En parallèle, je compose depuis que j'ai 13 ans de l'électro, me considérant plus comme un musicien de synthé plutôt que comme pianiste classique, n'ayant pas de formation. Et un jour, par hasard dans un salon de coiffure, j'ai rencontré Hervé Limeretz (ancien clavieriste et arrangeur de Daniel Balavoine). Après lui avoir fait écouter ce que je faisais, vers 13 ans, je suis allé chez lui pour me perfectionner en tant qu'arrangeur et même compositeur, émerveillé par tout le matos qu'il avait à l'époque dont je rêvais (rires).
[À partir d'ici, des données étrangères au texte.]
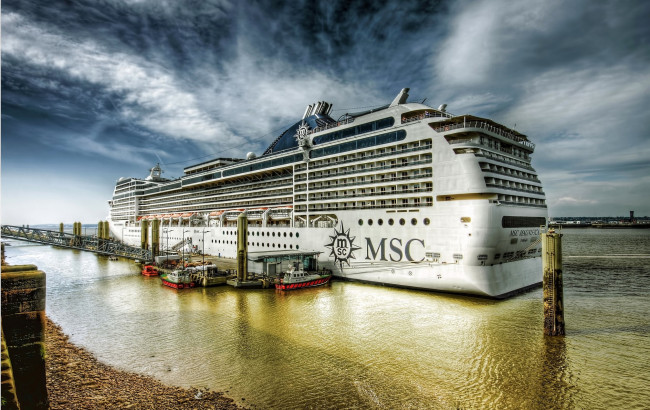 Обои картинки фото msc magnifica, корабли, лайнеры, круиз, причал, лайнер, океанский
Hervé m'a fait rencontrer Franck Dijeau qui avait une école de piano sur Bordeaux et c'est là que j'ai appris mon métier de musicien. J'ai arrêté mes études à 17 ans, puis j'ai rencontré ma copine qui habitait sur Paris (Journaliste/Réalisatrice) et j'ai décidé de la rejoindre pour essayer d'être musicien live. A l'époque, elle bossait sur un projet de documentaire sur Chimène Badi et avait un problème avec un morceau de musique dont elle n'avait pas les droits, donc je lui ai proposé de lui faire un petit morceau rapidement et la production a bien aimé et m'a proposé de faire l'habillage musical de tout le documentaire.
J'ai enchainé ensuite pour un documentaire sur Arthur, des petites émissions sur M6, TF1 et Canal+, et j'ai rencontré Gad Elmaleh pour qui j'ai fait la musique de bonus de DVD. Il a beaucoup apprécié ma réactivité, ma disponibilité, suite à quoi, alors que j'étais toujours sur son deuxième DVD, il m'a convoqué dans ses locaux autour d'un café pour me proposer de faire la musique de son premier film COCO ; et là... grosse pression !! (rires)
Comment s'est passé le travail sur COCO ?
S.L : J'ai commencé par composer une dizaine de morceaux, suite à la lecture du scénario et quelques idées qu'on avait échangées, et il a beaucoup apprécié ce premier jet que j'avais fait chez moi. J'avais intégré des violons, des percussions orientales (Darboukas...), etc... Et là on me dit qu'il faut réorchestrer avec de vrais musiciens, parce que la musique n'était pas exploitable en l'état, et me voilà convoqué par la production (Legend Films) qui m'a demandé ce dont j'avais besoin comme formation. Je voulais une base avec des musiciens que je connaissais et avec qui je voulais bosser, plus quelques extras (violons, violoncelles...), en leur disant qu'ensuite je pourrai faire des Samples pour limiter les frais, et là on me dit que ça serait mieux d'avoir carrément un orchestre...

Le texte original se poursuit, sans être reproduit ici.